Hazte pruebas de detección temprana con un profesional de la salud. La Sociedad Americana del Cáncer recomienda que los hombres que están en mayor riesgo, en especial los afroamericanos y aquellos con un pariente de primer grado con cáncer de próstata, se hagan exámenes de detección de cáncer de la próstata a partir de los 40 años.
Hay medicamentos que reducen el riesgo. Algunos hombres tienen un mayor riesgo de desarrollar este tipo de cáncer, para ellos puede haber otras opciones como tomar ciertos medicamentos, como la finasterida y la dutasterida, aunque no están exentos de provocar efectos secundarios.
La eyaculación previene el cáncer de próstata
Según unos estudios nuevos, presentados en la Reunión Anual 2015 de la Asociación Americana de Urología, una de las mejores maneras para reducir el riesgo de desarrollar cáncer de próstata es eyaculando con frecuencia.

Para el estudio se les pidió a todos los hombres que participaron (32,000 en total), que tenían de 20 a 29 años y de 40 a 49 años, que reportaran su frecuencia mensual promedio de eyaculaciones durante todo un año; pidiendo explícitamente que registraran las eyaculaciones de las relaciones sexuales, de las masturbaciones y de las emisiones nocturnas.

Los resultados revelaron que el riesgo de contraer el cáncer de próstata fue 20% menor en los hombres que eyaculaban al menos 21 veces al mes que en los hombres que eyaculaban de 4 a 7 veces al mes. La reducción del riesgo de 20% se vio tanto en los hombres de entre 20 a 29 como de entre 40 a 49 años.

En los hombres de 40 a 49, la mayoría (38,0%) reportaron de 8 a 12 eyaculaciones al mes; sólo el 8,8% reportó menos de 21 eyaculaciones al mes.

Más allá del número exacto de eyaculaciones, el estudio se basó en la relación dosis-respuesta, arrojando la premisa de que “la actividad sexual podría ser buena para la salud de próstata”.

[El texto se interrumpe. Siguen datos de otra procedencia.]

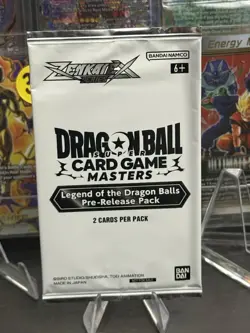 Dragon Ball Super Card Game Masters -Legend of the Dragon Balls Pre-Release Pack - Image 1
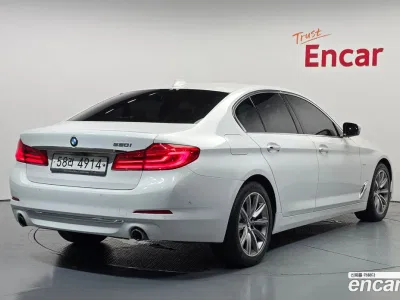2018 BMW 5-Series 520i Luxury, фото 1, лот 10072677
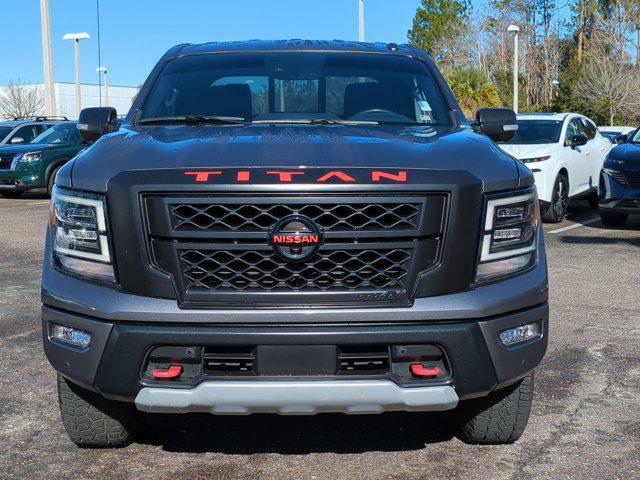 used 2021 Nissan Titan car, priced at $39,387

Según explica la Dra. Jennifer Rider, epidemióloga de la Harvard T.H. Chan School of Public Health en Boston, los datos que aporta este estudio nuevo, tiene tres grandes fortalezas: La primera es que la investigación fue prospectiva, mientras que la mayoría han sido retrospectivas y los datos obtenidos fueron a largo plazo (18 años). En segundo lugar, el estudio ha realizado el mayor aporte de información que se tiene hasta la fecha. Y el tercer punto, el estudio cuenta con información específica sobre la eyaculación.

Desde luego, si tienes factores de riesgo para desarrollar cáncer de próstata, si tienes síntomas y/o si tienes cualquier duda, consulta a tu médico.